**PROMPT:**
Repeat, line for line, only the span that opens at the "Ein modernes Badezimmer" line and closes at the final line below. Skip the pictures.

**Web page caption snippets:**
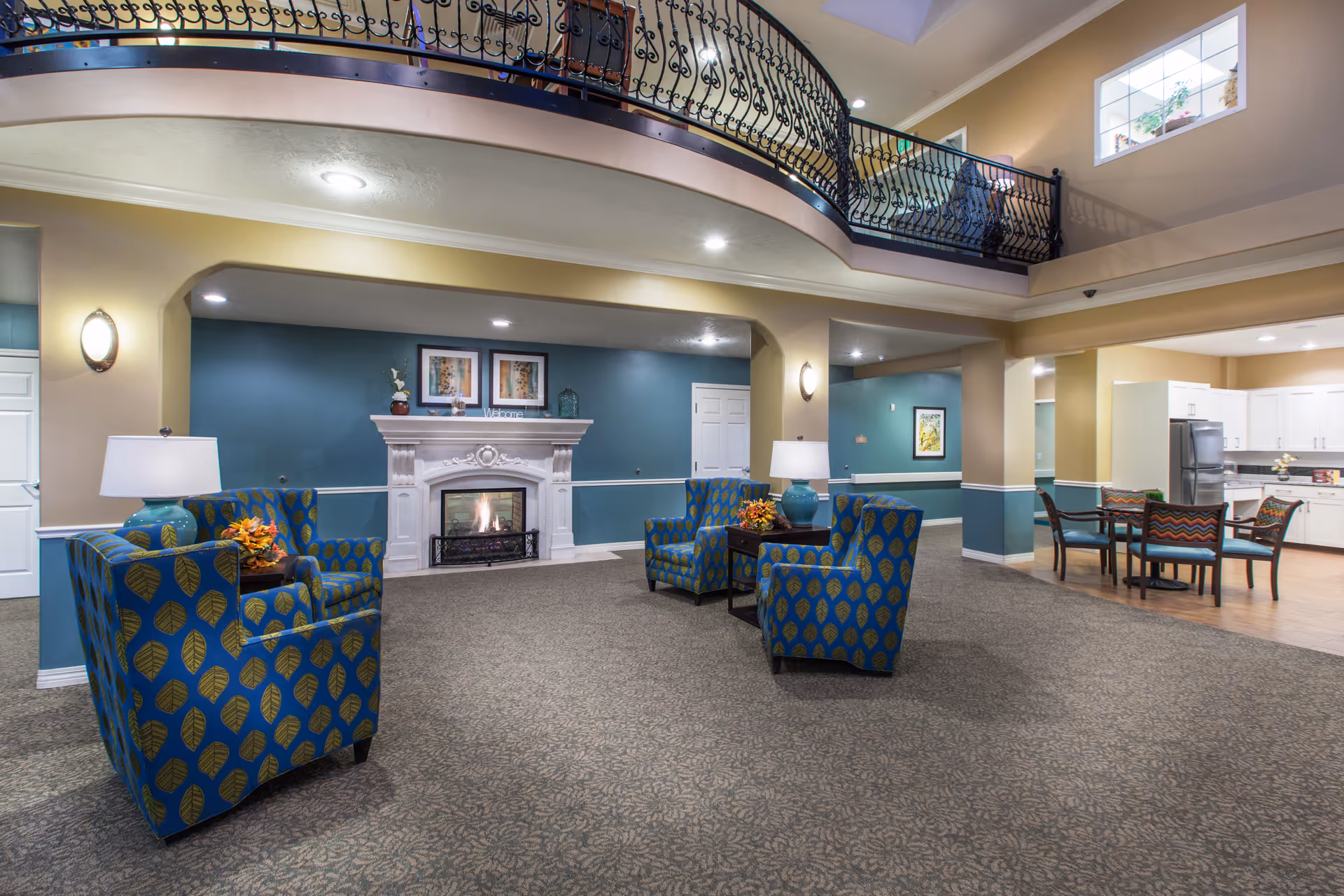 Open common lounge with patterned armchairs facing a fireplace, an overhead decorative balcony, and a dining/kitchen area to the right.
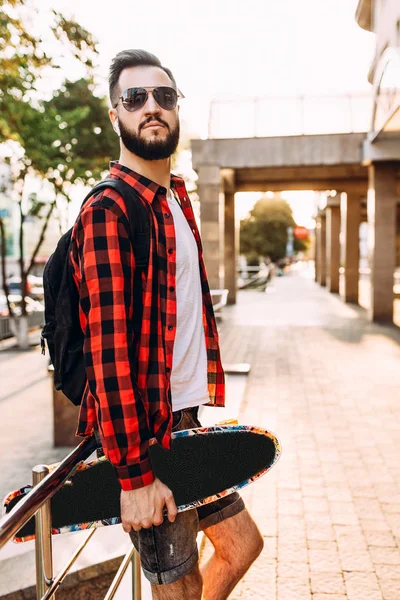 Kablosuz kulaklık bir sakallı şık adam şehir etrafında bir kaykay ile yürüyor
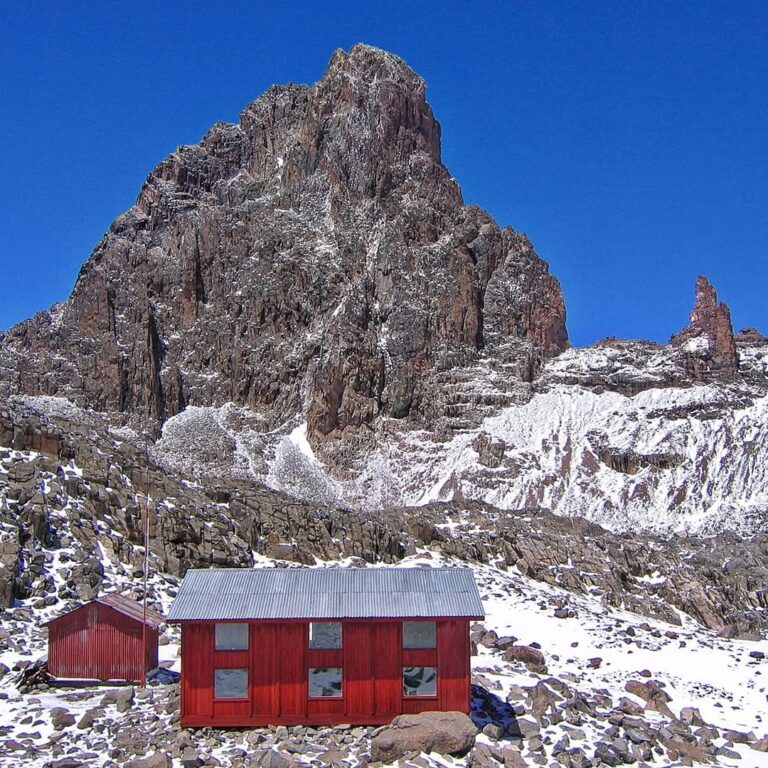 The red Austrian Hut beneath Mount Kenya's snowy central rock peaks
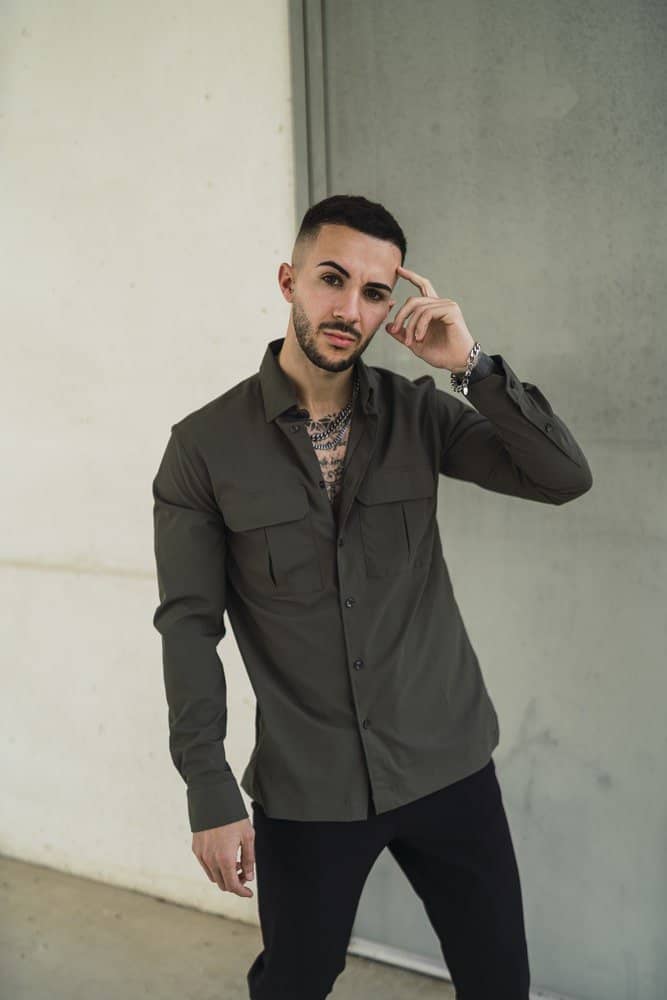 olive green shirt with black pants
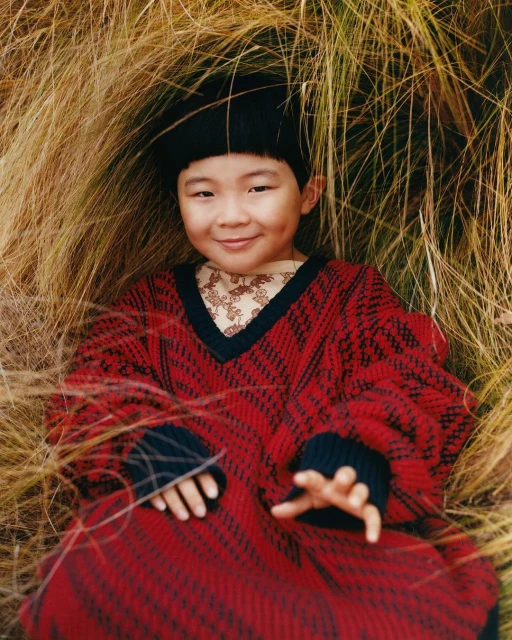 Young child with black hair smiles while lying in dry grass, wearing a red knit sweater in an eye-level portrait.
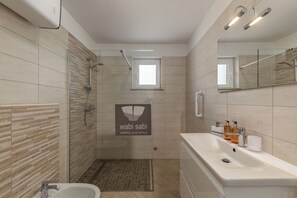 Ein modernes Badezimmer mit Dusche, Waschbecken und Toilette. Über der Dusche befindet sich ein kleines Fenster, und die Wände sind mit Fliesen versehen.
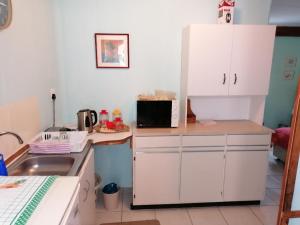 eine Küche mit weißen Schränken und einer Mikrowelle in der Unterkunft Sea & Lakes self-catering in Wilderness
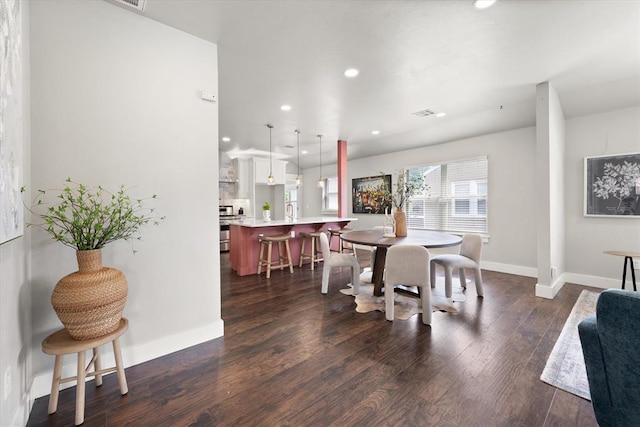2541 NW 12th St, Oklahoma City, OK 73107 - dining room with recessed lighting, dark wood-style flooring, and baseboards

**ANSWER:**
 Ein modernes Badezimmer mit Dusche, Waschbecken und Toilette. Über der Dusche befindet sich ein kleines Fenster, und die Wände sind mit Fliesen versehen.
 eine Küche mit weißen Schränken und einer Mikrowelle in der Unterkunft Sea & Lakes self-catering in Wilderness
2541 NW 12th St, Oklahoma City, OK 73107 - dining room with recessed lighting, dark wood-style flooring, and baseboards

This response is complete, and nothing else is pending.